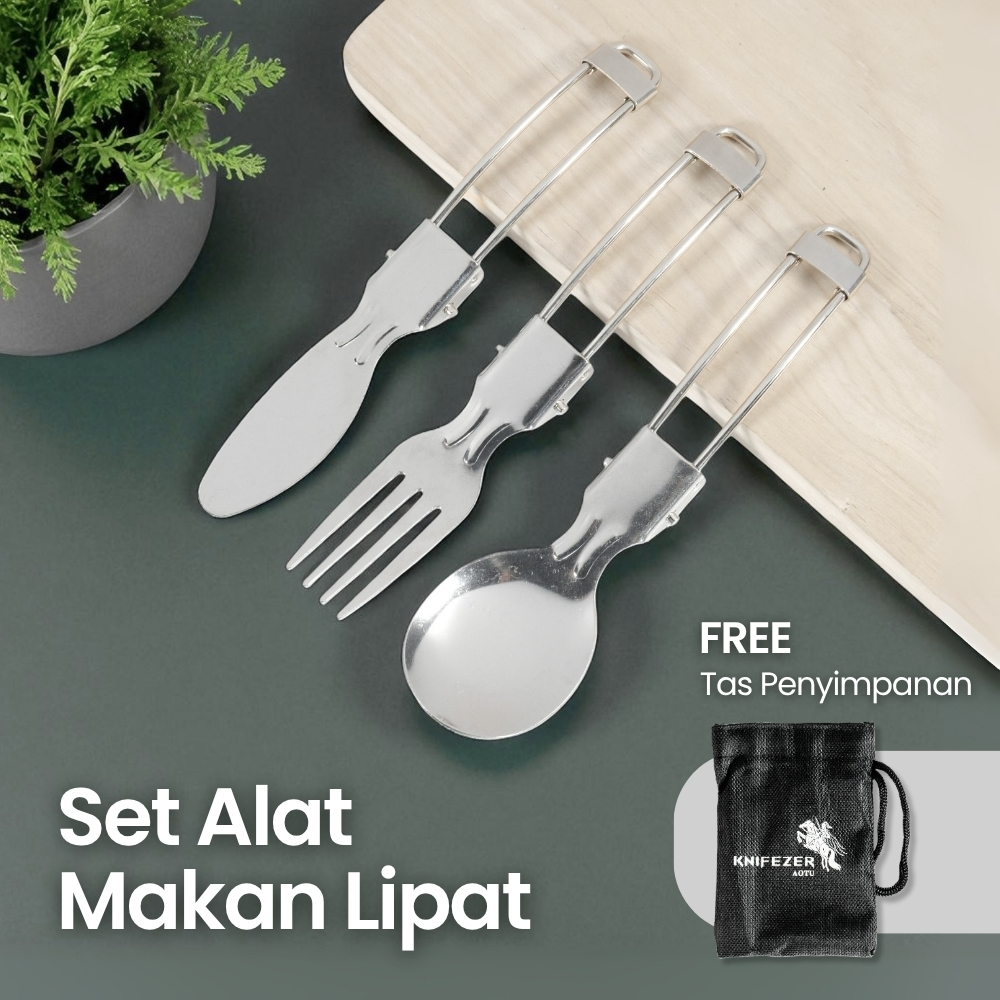 KNIFEZER Set Alat Makan Sendok Garpu Pisau Lipat Portable Cutlery - AOTU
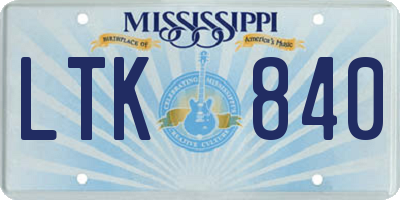 MS license plate LTK840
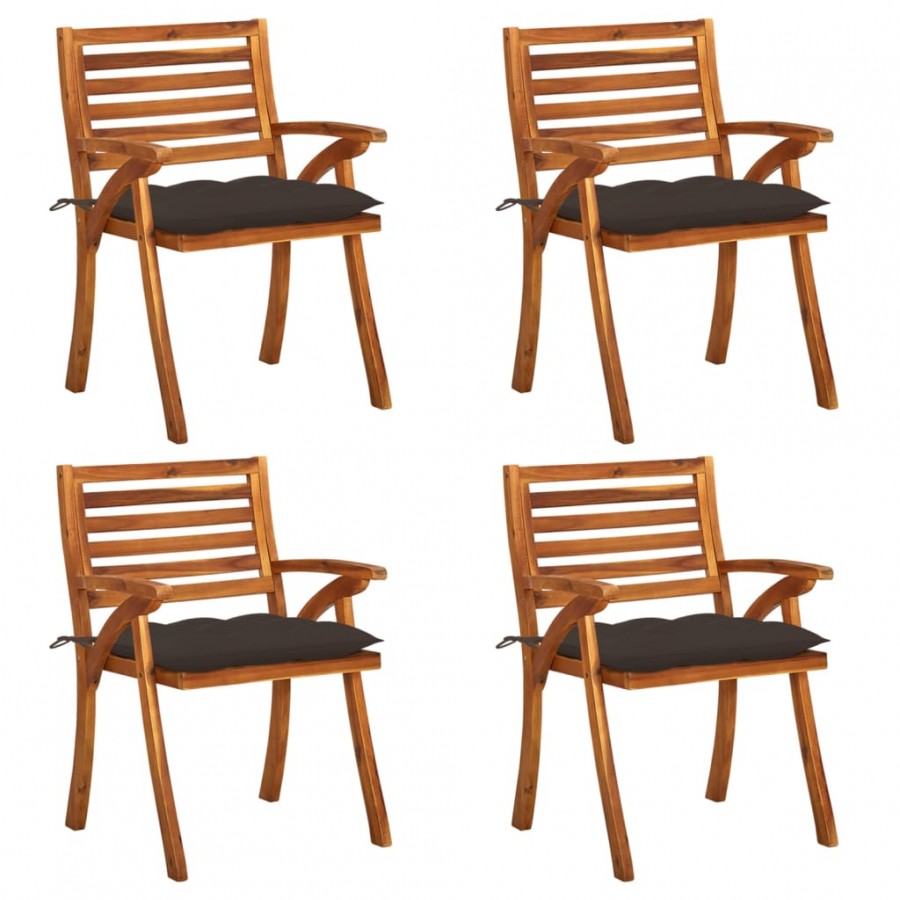 Chaises de jardin avec coussins 4 pcs Bois de teck solide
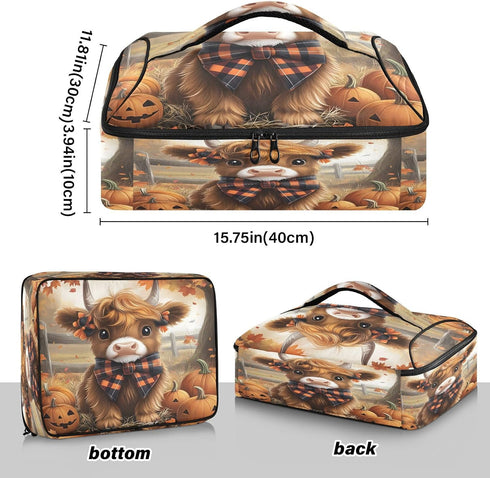 ALAZA Insulated Casserole Carrier for Hot or Cold Food, Baby Highland Cow Fall Food Carrier for Potluck Cookouts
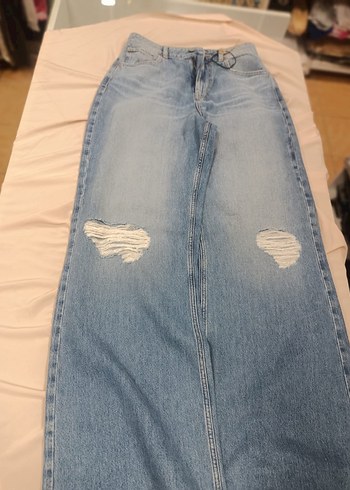 Mavi Midi Boy Salaş Kadın Kot Pantolon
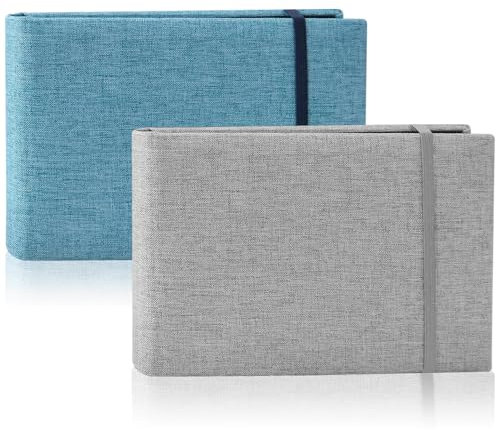 2Pcs Photo Albums, 6x4 Slip In Photo Album, 200 Photos Mini Flip Photo Album Small Photo Albums Little Portable Memory Book with Linen Cover for Wedding Holiday Family Birthday Travel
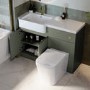 1100mm Green Left Hand Toilet and Sink Unit with Square Toilet and Brass Fittings - Bali
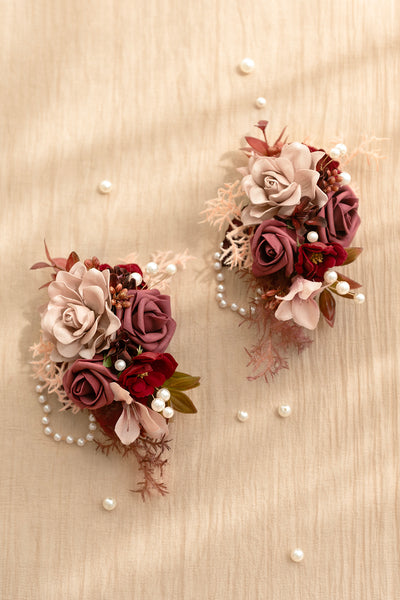 Shoulder Corsages in Burgundy & Dusty Rose | Clearance
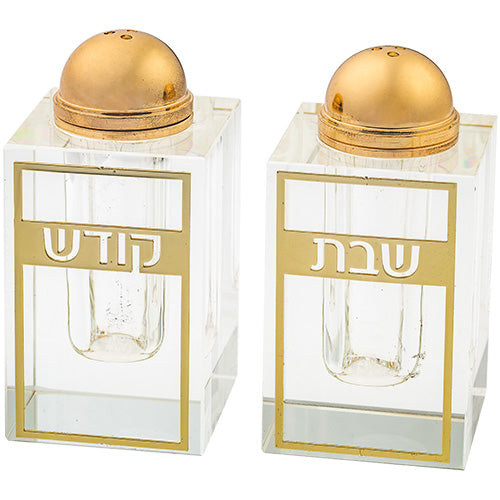 Pair of Crystal Salt & Peper Holders 8*4 cm with Laser Cut Plaque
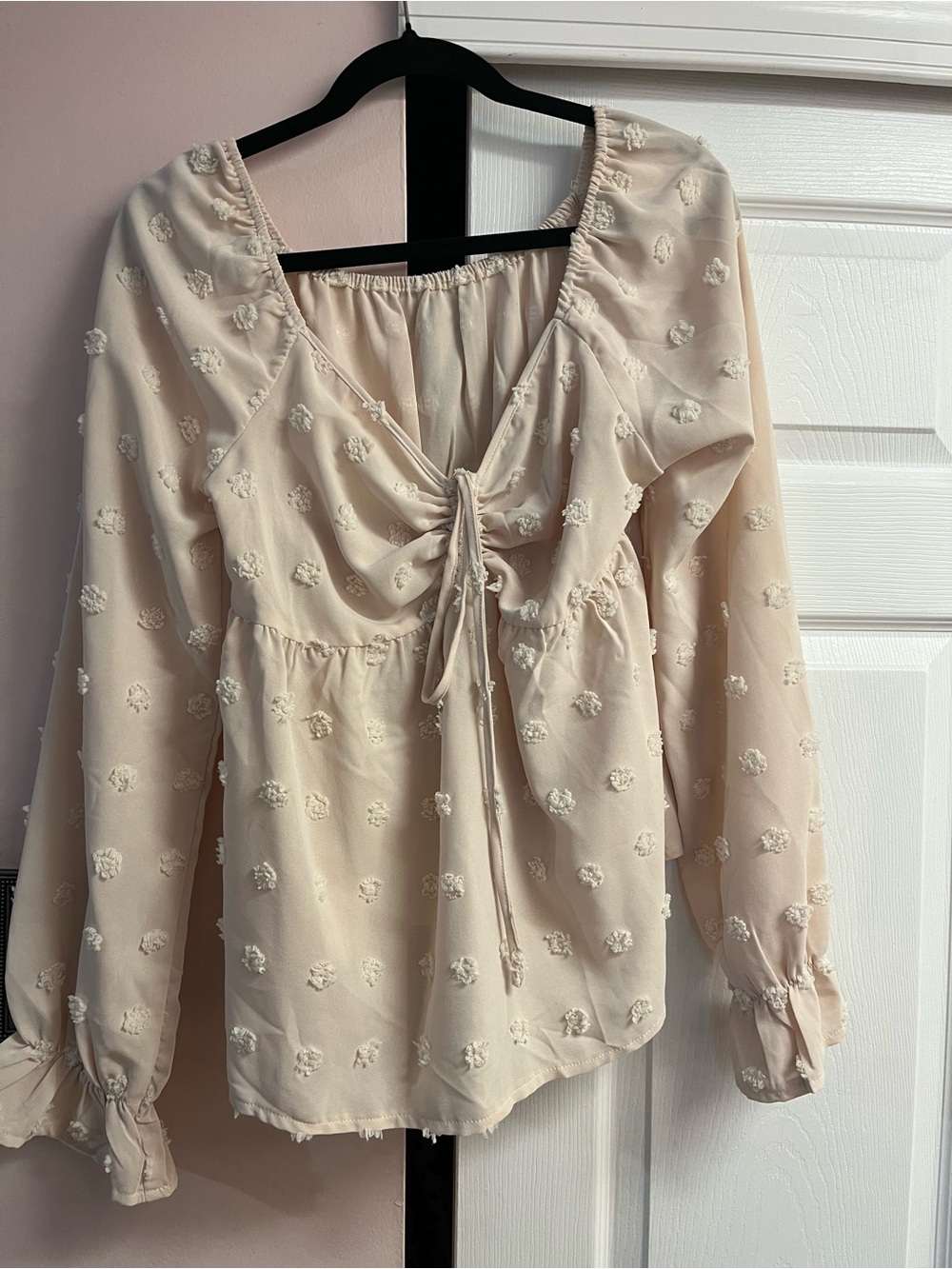 SHEIN Cream Embroidered Tie-Front Peasant Blouse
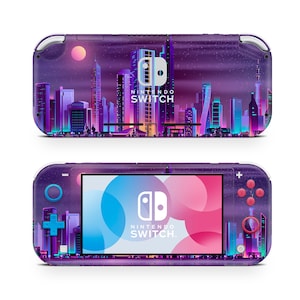 Könnte beinhalten: Eine violette Nintendo Switch Lite Konsole mit einem Stadtbild-Design. Die Konsole hat ein pinkfarbenes und blaues Kreisdesign auf dem Bildschirm und die Worte "NINTENDO SWITCH" auf der Vorderseite.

▸ **WHAT TO WORK ON**:
Please set down, exactly and with no pictures, the lines in the entries above starting at the one holding "2Pcs Photo Albums, 6x4" and ending at the one holding "SHEIN Cream Embroidered", ends included.

▸ **ANSWER SECTION**:
 2Pcs Photo Albums, 6x4 Slip In Photo Album, 200 Photos Mini Flip Photo Album Small Photo Albums Little Portable Memory Book with Linen Cover for Wedding Holiday Family Birthday Travel
 1100mm Green Left Hand Toilet and Sink Unit with Square Toilet and Brass Fittings - Bali
 Shoulder Corsages in Burgundy & Dusty Rose | Clearance
 Pair of Crystal Salt & Peper Holders 8*4 cm with Laser Cut Plaque
 SHEIN Cream Embroidered Tie-Front Peasant Blouse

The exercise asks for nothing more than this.